J'ai toujours pensé que cette petite conversation avait porté ses fruits car, le 12 avril au tout petit matin, un lundi, nous prenions la route de la maternité, toujours la même, pour la quatrième fois. Le jour se levait et nous avions même pris le temps d'aller voir le Bassin d'Arcachon, là, tout au bout de l'allée.
La marée était basse et tout était paisible... Mais pas comme les deux-trois heures qui allaient suivre !! A peine arrivée à la maternité, aussitôt périduralisée. J'ai toujours soupçonné l'anesthésiste de m'avoir injecté de l'eau de vaisselle en lieu et place d'un VRAI produit efficace. L'avantage est que tout ça a été plié en deux temps trois mouvements, outre le fait bien sûr que j'ai crû mourir et qu'il a fallu toute la dextérité de l'obstétricien pour mettre au monde un fabuleux petit être qui n'avait rien trouvé de mieux à faire dans mon bidon (eh oui ! 9 mois à l'étroit ! c'est long !) que d'entortiller son cordon sur lui-même et de se l'enrouler consciencieusement autour du cou.
Un peu de panique donc au démarrage et quelques minutes avant que je ne puisse prendre ma fille dans mes bras.
Eh oui, une FILLE, contre toute attente !! Ma surprise était ÉNORME, à la hauteur du plaisir de l'obstétricien d'avoir mis au monde une nana après trois petits gars. J'avoue que j'ai, de mon côté, mis plusieurs jours à m'habituer à ce que je voyais en ouvrant la couche de Fifille. Pas évident de se défaire d'une habitude qui durait depuis 6 ans 1/2.
Fifille ne fut malheureusement pas à son avantage pour ses premières heures dans notre monde : à moitié étranglée lors de sa naissance, elle arborait un superbe teint violet, des vaisseaux avaient éclaté sur ses paupières et dans ses yeux, le tout sur fond du fameux pyjama vert anis qui la moulait de partout et dont je n'ai jamais pu fermer le dernier bouton au niveau du cou, et pour cause : elle pesait 4kg200.
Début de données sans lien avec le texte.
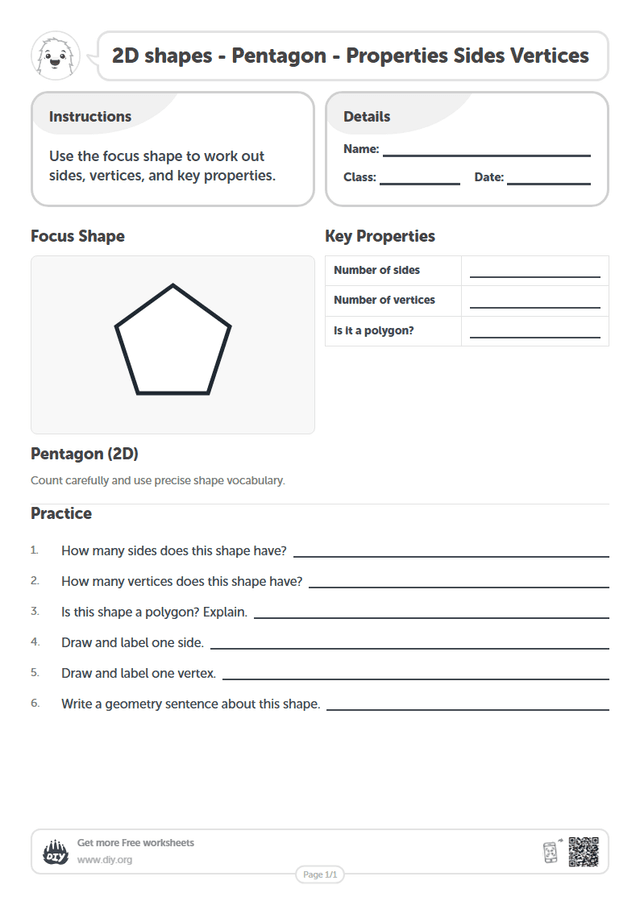 2D shapes - Pentagon - Properties Sides Vertices page 1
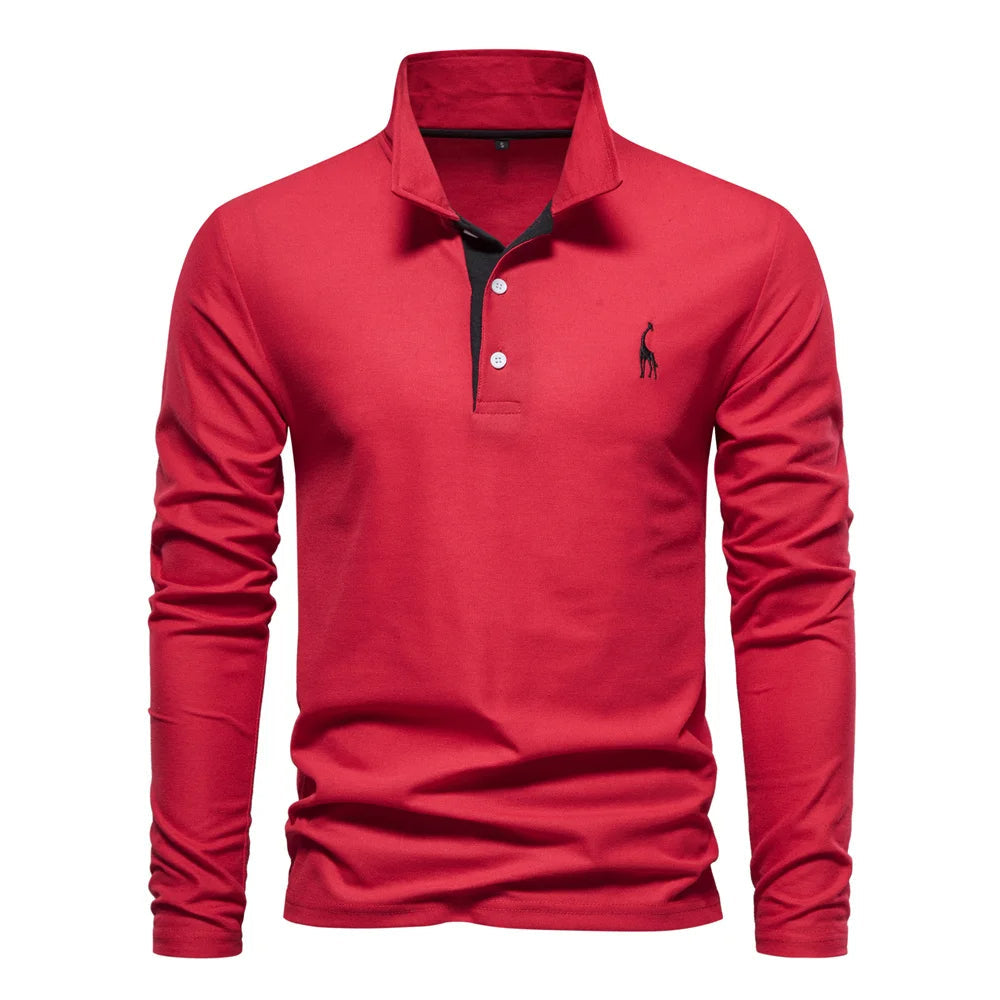 Men's Button Neck Polo Shirt | Casual Fit Cotton Blend 0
Ses frères, Number 1 alias le Chevalier Sans Peur et Sans Reproches, Number 2 le clone de Zorro himself et Number 3 le Champion Automobile ont fait une drôle de bobine en voyant leur petite soeur. "Hein ? Quoi ? Une fille ? Mais elle va nous prendre nos épées et nos voitures !" ont-ils déclaré tous en choeur.
Désolée, Fifille, mais la vie ne s'annonçait pas de tout repos pour toi.
Dehors les pins s'agitaient devant ma fenêtre, le vent s'était levé et mis à souffler en tempête, ce qui a fait dire à la sage-femme "qu'elle allait avoir un sacré caractère cette petite", ce en quoi elle n'a pas eu tort.
Mes amies ont déposé sa première Barbie dans son berceau, leur façon à elles de lui souhaiter la bienvenue et son arrivée dans la grande famille des Filles.
Les journées à la maternité se sont écoulées paisiblement, et j'ai profité de chaque instant avec Fifille. Je savais les garçons chouchoutés par leur papa et leurs deux mamies. L'expérience aidant, je n'ai guère écouté les sages-femmes et n'en ai fait qu'à ma tête, la prenant contre moi et dans mon lit presque tout le temps.
Elle a grandi comme pousse un petit champignon, volontaire et courageuse, ne voulant jamais être en reste derrière ses frères, ni différente d'eux. Jamais elle ne s'est plainte, elle est tombée et s'est relevée cent fois.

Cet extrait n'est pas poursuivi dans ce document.